Naval Special Warfare is also investing in new technologies and equipment, including unmanned aerial and maritime systems, artificial intelligence, and electronic warfare. These investments seek to increase the survivability of commandos and platforms but also increase their lethality.

SEALs and Special Boat Teams aren’t the only ones pursuing such technologies.

The 2021 National Defense Authorization Act permitted US Special Operations Command, of which Naval Special Warfare is part, to authorize electronic warfare and cyberwarfare activities to support missions.

So now US special-operations units are looking at how to better leverage those new capabilities and authorities and include them in their missions.

One such effort is the hyper-enabled operator initiative, which aims to give commandos better access to data analytics on the battlefield and improve their situational awareness to enable them to make better, faster decisions.

The HEO initiative also seeks to increase the ability of commandos to understand what is going on around them without adversely affecting their cognitive load or electronic profile.

Navy SEAL Special Warfare Group diving in Gulf of Mexico
A Naval Special Warfare Group 2 member conducts military dive operations in the Gulf of Mexico in 2018. US Navy/Senior Chief Mass Communication Specialist Jayme Pastoric

Passive reconnaissance systems would also give commandos the ability to better operate in contested and congested environments while maintaining tactical situational awareness and gathering data without advertising their presence.

“If I’m a commander that’s being directed to put in a SEAL team to conduct low-profile operations in maritime areas, I would be sending requirements to SOCOM for a combination of passive reconnaissance and situational awareness capabilities that do not bring with it unwanted scrutiny to the team,” said Hasken, who spent time at the National Security Agency as SOCOM’s chief cryptologist.

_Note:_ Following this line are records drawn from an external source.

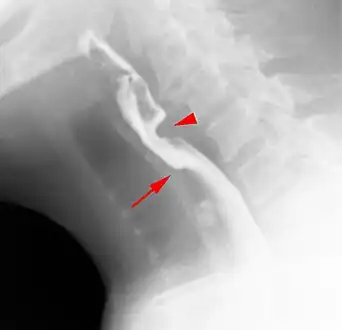Web with "jet-phenomenon". Arrowhead on incomplete opening of the upper esophageal sphincter.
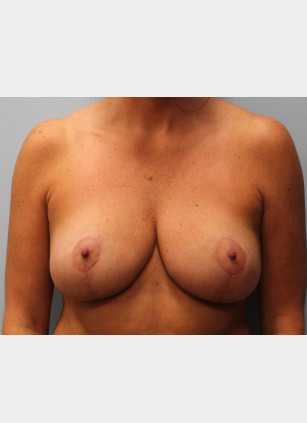 After Image: Breast Reduction – Dr. Howell - front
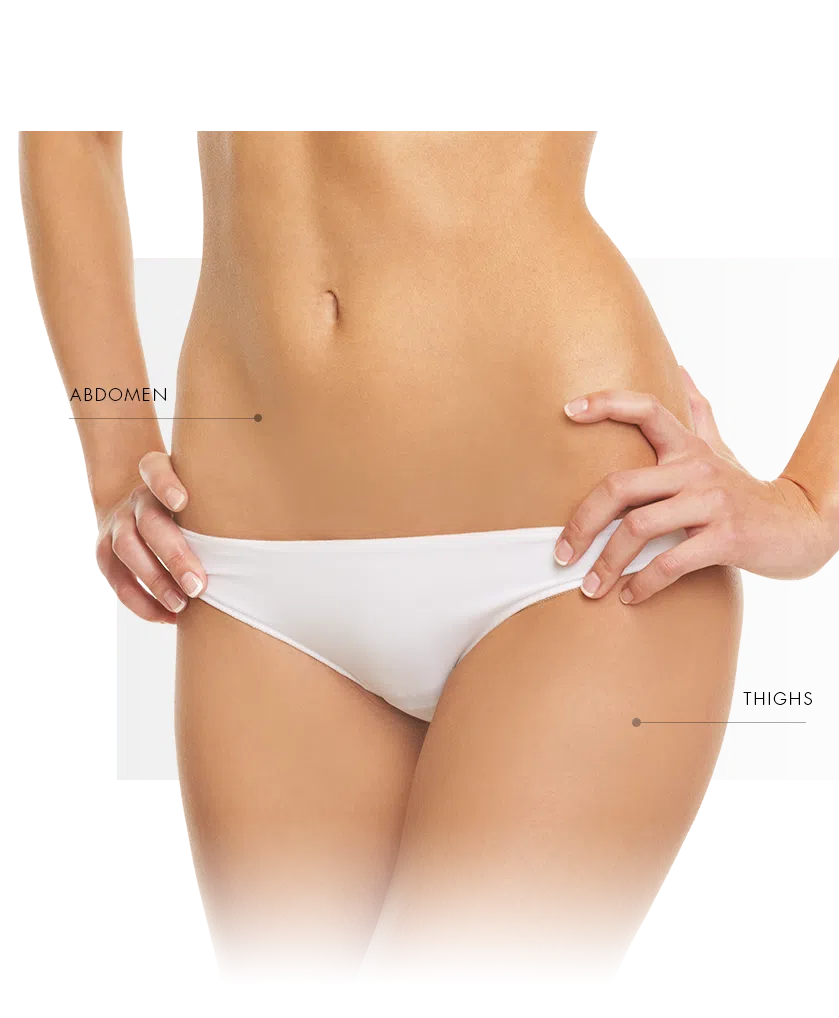 Microneedling, Endymed zone thigh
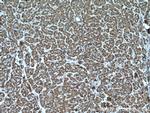 LACTB Antibody in Immunohistochemistry (Paraffin) (IHC (P))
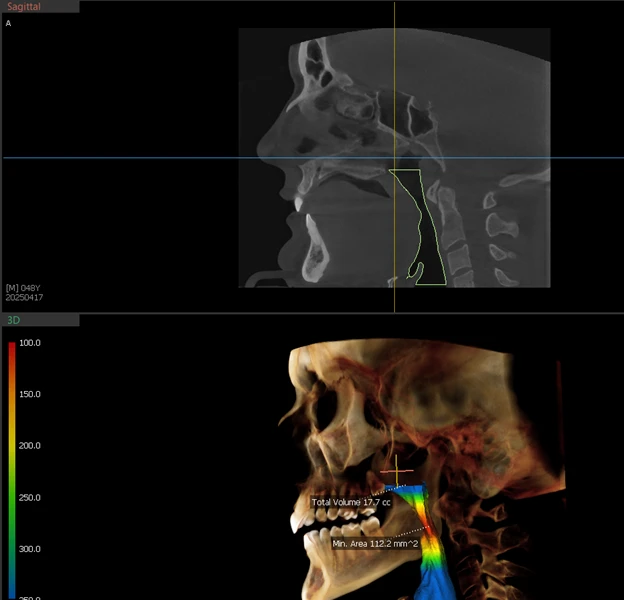 Airway Scan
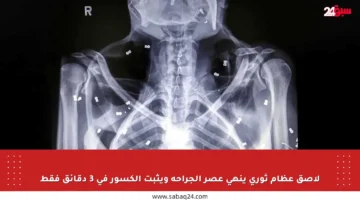 لاصق عظام ثوري ينهي عصر الجراحة ويثبت الكسور في 3 دقائق فقط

Most major adversaries are “prolific” surveillance states that use commercial ships, buoys, or even man-made islands for monitoring inside and near their territory, Hasken added.

“At some point or another, SOF teams will encounter an adversary nation’s internal security personnel and capabilities, even in open-water areas,” Hasken said.

In a conflict with Russia or China, the US military won’t necessarily enjoy the military superiority it has had against terrorists and insurgents.

As the US military prepares for such a conflict, SEALs and Special Boat Teams are searching for ways they can remain assets to the Navy in the face of new threats. Their strategic-reconnaissance and direct-action capabilities mean they will still be quite useful.

Stavros Atlamazoglou is a defense journalist specializing in special operations, a Hellenic Army veteran (national service with the 575th Marine Battalion and Army HQ), and a Johns Hopkins University graduate.